_AIM OF THE TASK_
Repeat the entire listing exactly. Omit all pictures.

_EXERCISE DATA_
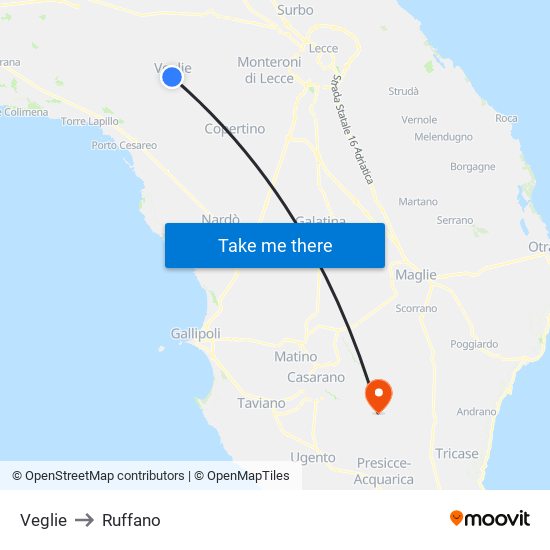 Veglie to Ruffano map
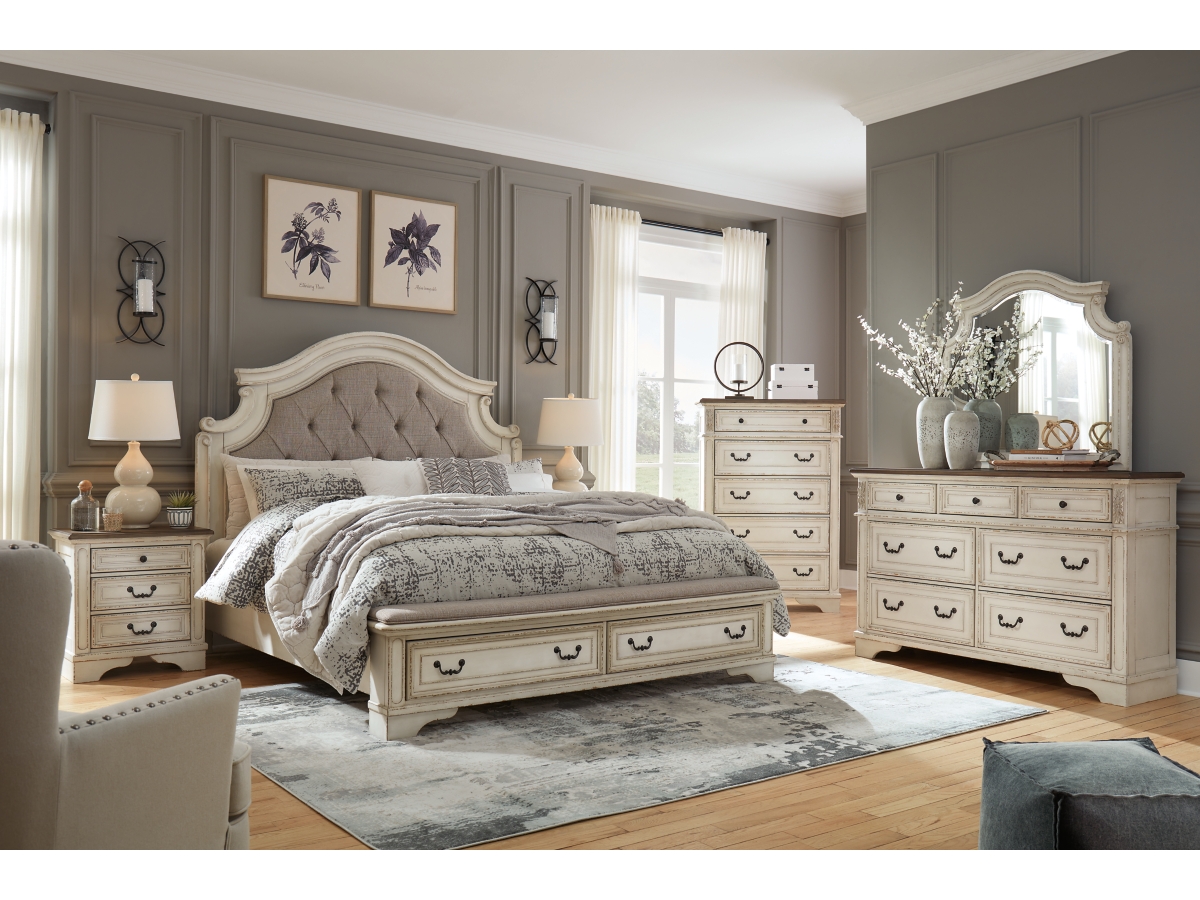 Signature Design by Ashley Realyn Queen Upholstered Bed with Mirrored Dresser - King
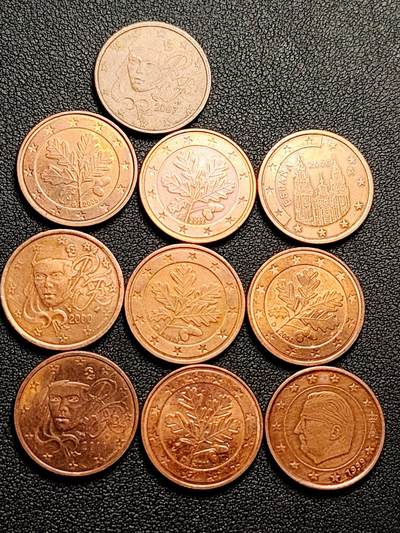 泉币菌-第211场-拍品多 请提前出价（工作最近较忙 发货不及时，望理解） - 10枚一组 5欧分混合国家、年份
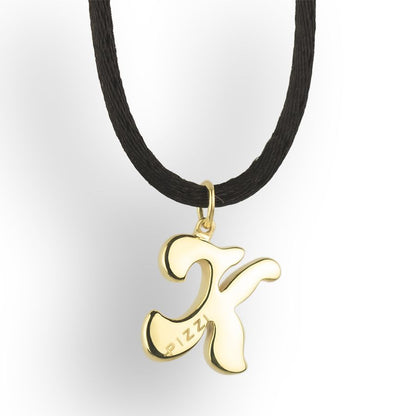 Pendente con laccio iniziale lettera k in oro giallo 18kt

_TASK ANSWER_
 Veglie to Ruffano map
 Signature Design by Ashley Realyn Queen Upholstered Bed with Mirrored Dresser - King
 泉币菌-第211场-拍品多 请提前出价（工作最近较忙 发货不及时，望理解） - 10枚一组 5欧分混合国家、年份
 Pendente con laccio iniziale lettera k in oro giallo 18kt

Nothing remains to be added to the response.